The gateway project includes building an extra rail right-of-way under Hudson Yards in Manhattan to let trains travel from the new tunnel to Penn Station.
The gateway project includes building an extra rail right-of-way under Hudson Yards in Manhattan to let trains travel from the new tunnel to Penn Station.

“When I think of six-plus years ago when I arrived with NJ Transit in full crisis mode, facing a world of immediate problems, I think we were at war with Amtrak before that, a world of pain, but in talking with Governor Murphy … he particularly wanted to get Gateway moving again, and particularly where we were could help out and get that moving again, and that was starting with Portal North Bridge,” Corbett said.

It was because of improved relationships and partnerships between the agencies and assistance from legislative leaders in Washington that they were able to accomplish that and the success of the project so far, Corbett added.

“We are truly in a Goldilocks zone — we will never have an opportunity like this ever again where the federal resources and the state resources have come together and advanced critical projects that have languished for 20, 30 years,” said Kolluri, who was New Jersey’s transportation commissioner in 2010 when then-Gov. Chris Christie canceled the original program to construct new rail tunnels, which would have been completed by now. “The fact that we’re here celebrating this milestone that kicks off many projects to come is something we should grab a hold of and should capitalize on.”

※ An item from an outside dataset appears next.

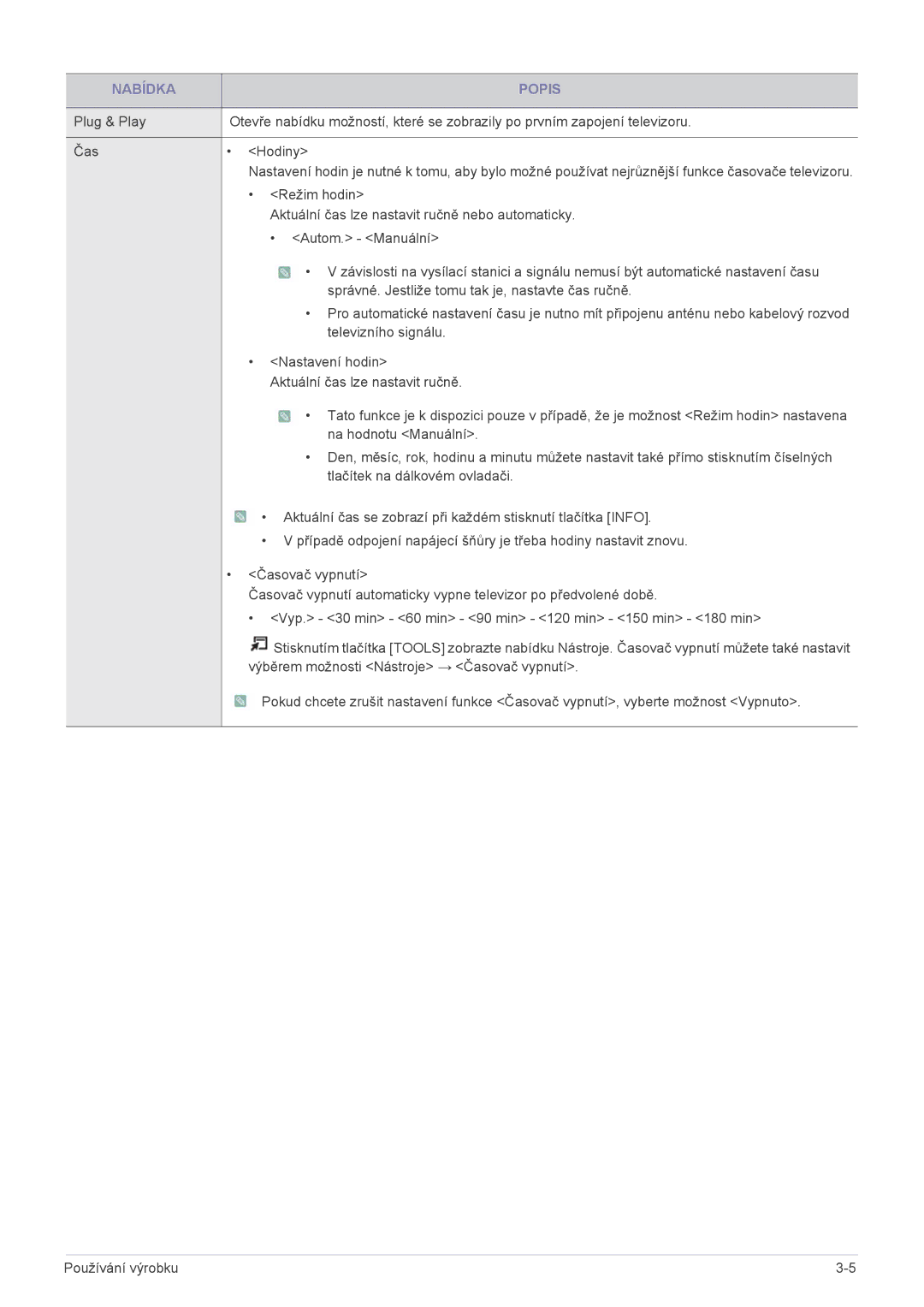 Samsung LS23PTDSF/EN, LS19PTDSF/EN, LS24PTDSF/EN, LS20PTDSF/EN, LS22PTDSF/EN manual Režim hodin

Corbett said he thinks the project could get done under budget before its intended completion in 2026. Though the project so far is on track, Amtrak has had to dip into the contingency portion of its contribution to address higher labor costs that arose from an exponential increase in the need for track outages because of the project, according to a recent audit report released by Amtrak’s Office of the Inspector General.

NJ Transit’s former construction manager also sued the agency, alleging in a whistleblower lawsuit that there was an increased need for outages because of ground settlement issues that he raised red flags about but says were ignored.

“Every mega project has different challenges, and we have the team, we’ve gotten this far, I have no doubt the collective team … will deliver this,” Corbett said.